** Opening Collected material block **

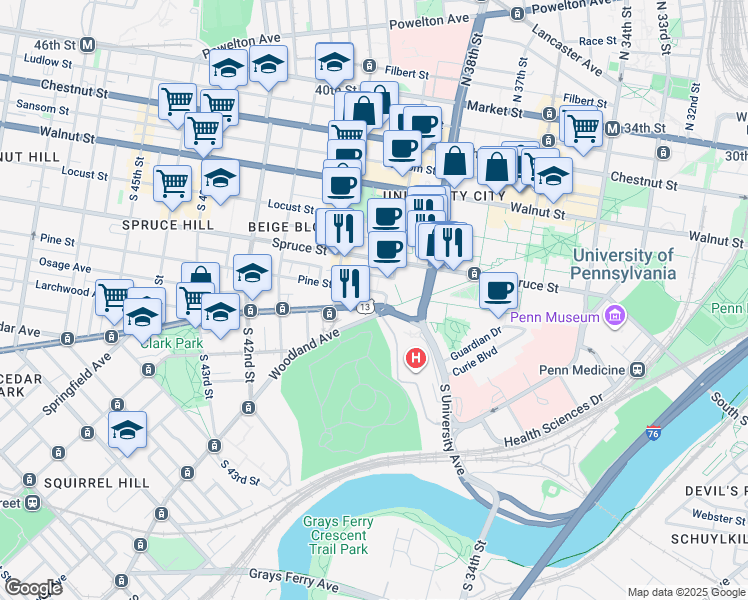 map of restaurants, bars, coffee shops, grocery stores, and more near in Philadelphia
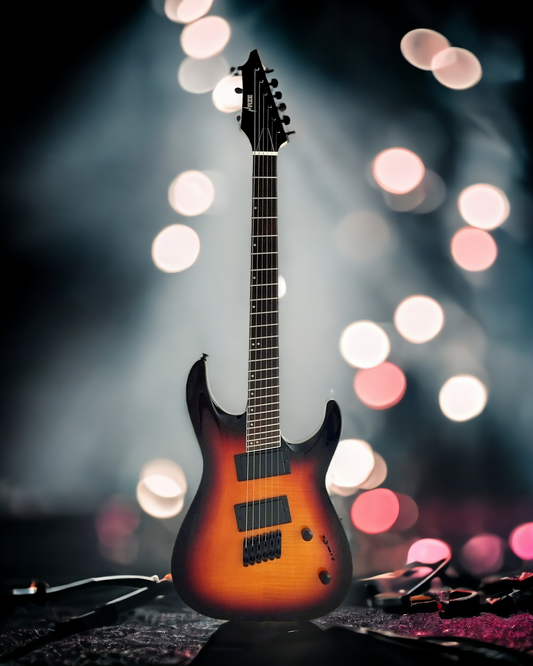 Haze Fanned Fret Double-Cut Flame Maple HAX Electric Guitar - Vintageburst 6FFTAM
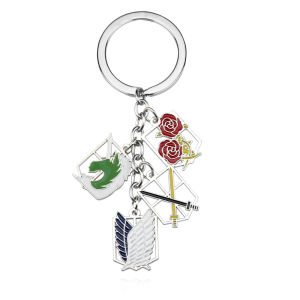 Bandai | Anime Attack On Titan Shingeki no Kyojin Keychain Pendant Key Chain Scouting Legion Emblem Cosplay Jewelry Gift for Women Men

** Closing Collected material block **

#### [Work required]
Give again, word for word, only the lines from the line containing "Haze Fanned Fret" through the last line above, both included; leave the pictures out.

#### [Task result]
 Haze Fanned Fret Double-Cut Flame Maple HAX Electric Guitar - Vintageburst 6FFTAM
 Bandai | Anime Attack On Titan Shingeki no Kyojin Keychain Pendant Key Chain Scouting Legion Emblem Cosplay Jewelry Gift for Women Men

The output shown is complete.